─── Data to examine
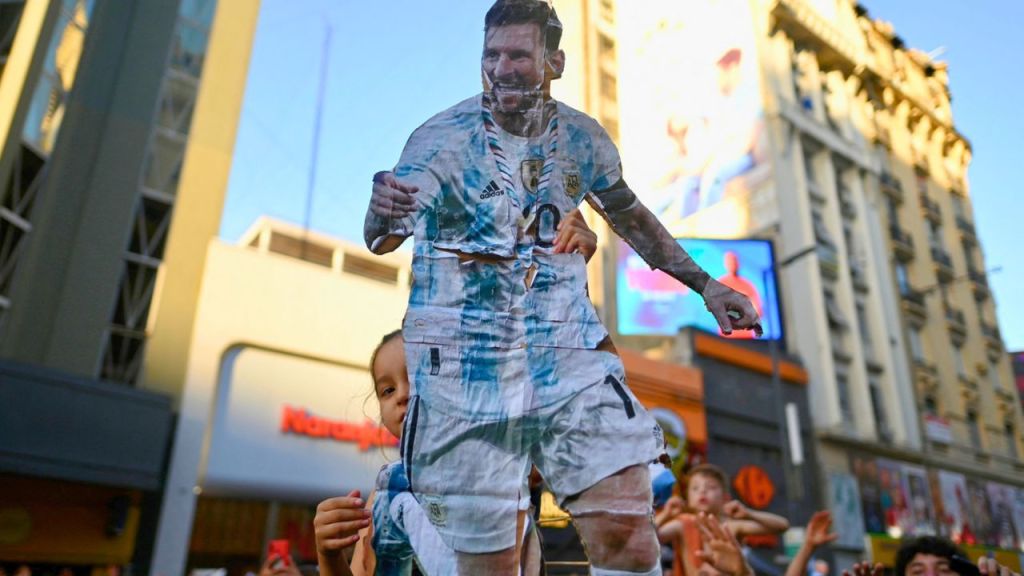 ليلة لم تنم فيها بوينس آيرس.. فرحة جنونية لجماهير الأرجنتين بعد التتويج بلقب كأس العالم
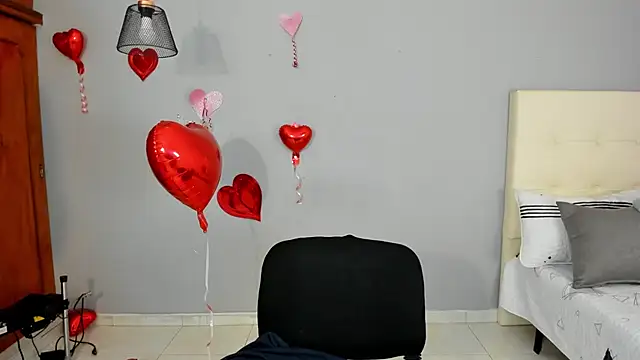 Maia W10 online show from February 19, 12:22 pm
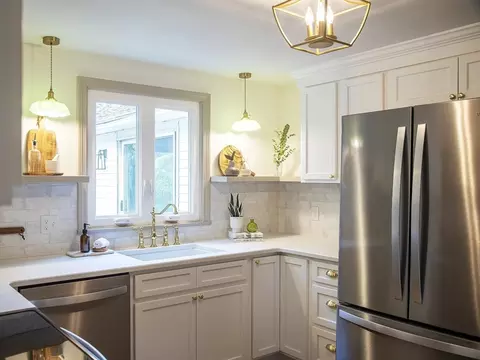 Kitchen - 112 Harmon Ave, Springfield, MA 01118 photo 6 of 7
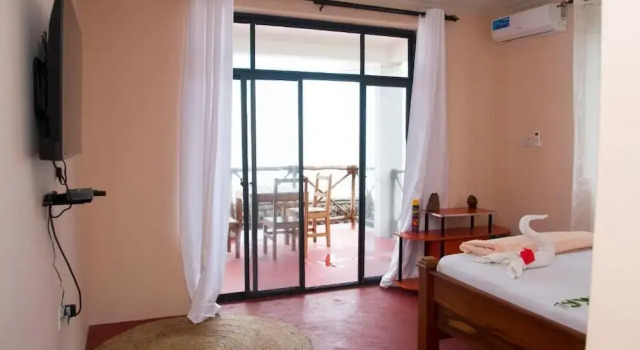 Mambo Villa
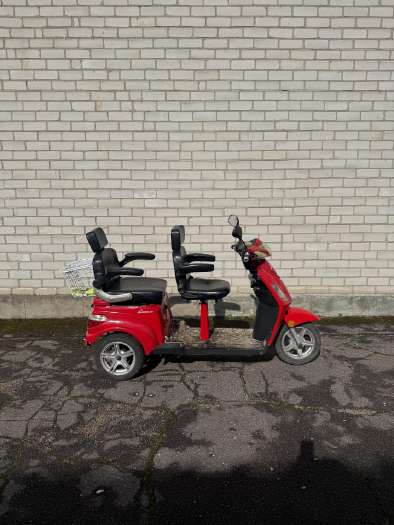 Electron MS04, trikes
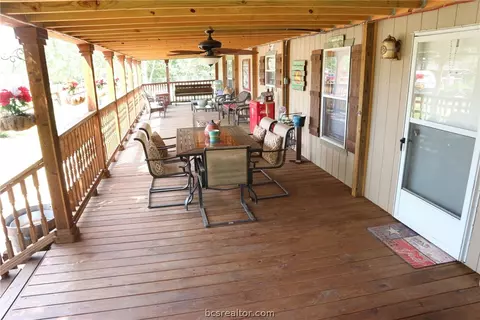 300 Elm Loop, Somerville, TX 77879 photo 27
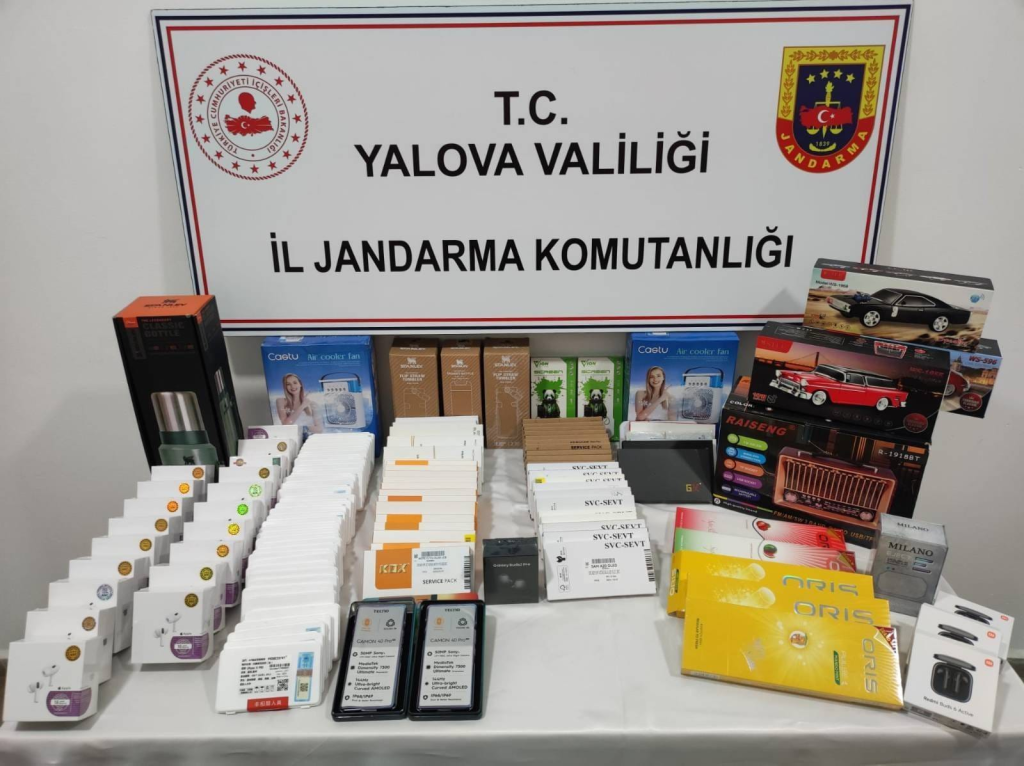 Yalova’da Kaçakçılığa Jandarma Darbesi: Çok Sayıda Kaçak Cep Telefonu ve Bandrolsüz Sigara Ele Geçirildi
──────
─── Data to examine
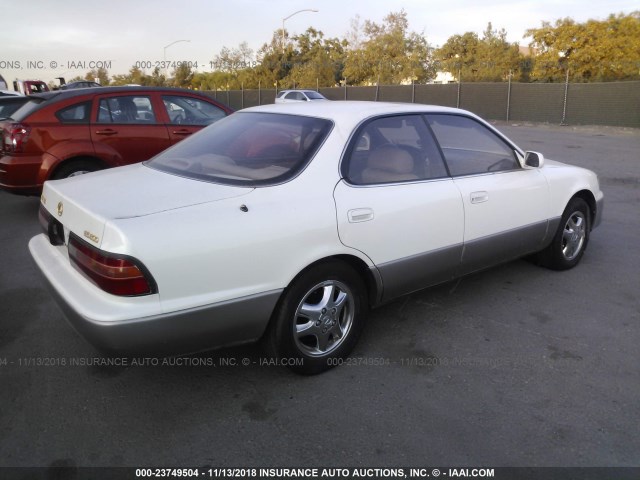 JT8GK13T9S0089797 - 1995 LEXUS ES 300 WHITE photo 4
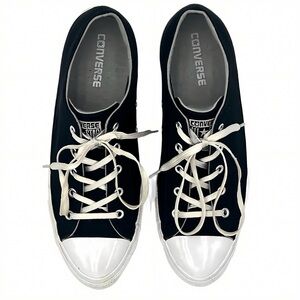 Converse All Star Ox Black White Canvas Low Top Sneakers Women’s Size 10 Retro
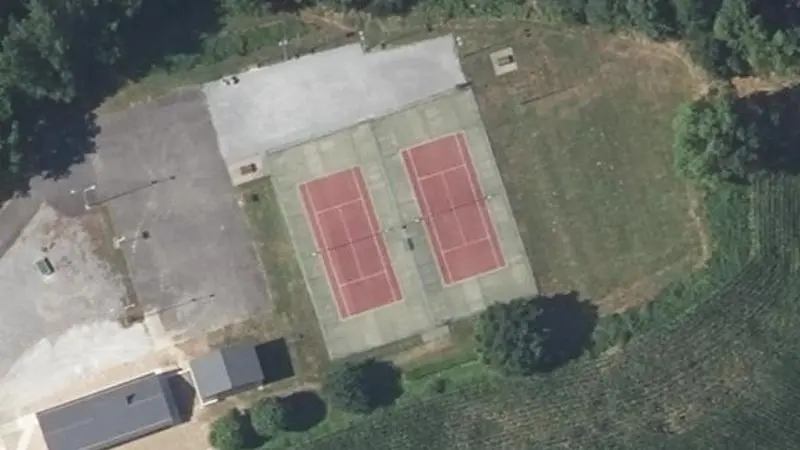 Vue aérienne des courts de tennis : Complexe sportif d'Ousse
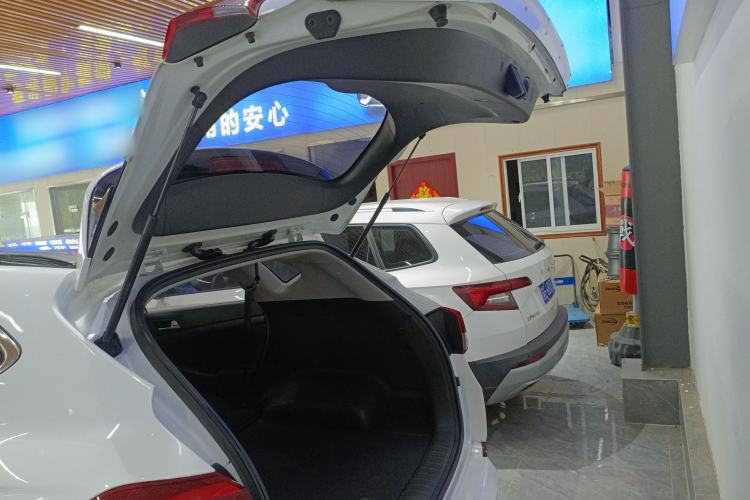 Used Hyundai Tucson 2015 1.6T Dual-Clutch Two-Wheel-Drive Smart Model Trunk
──────
◆ **The task**
Could you repeat, exactly, only the lines above starting at the one that has "300 Elm Loop, Somerville, TX 77879 photo 27" and stopping after the one that has "Yalova’da Kaçakçılığa Jandarma", without the pictures?

◆ **Result of this exercise**
 300 Elm Loop, Somerville, TX 77879 photo 27
 Yalova’da Kaçakçılığa Jandarma Darbesi: Çok Sayıda Kaçak Cep Telefonu ve Bandrolsüz Sigara Ele Geçirildi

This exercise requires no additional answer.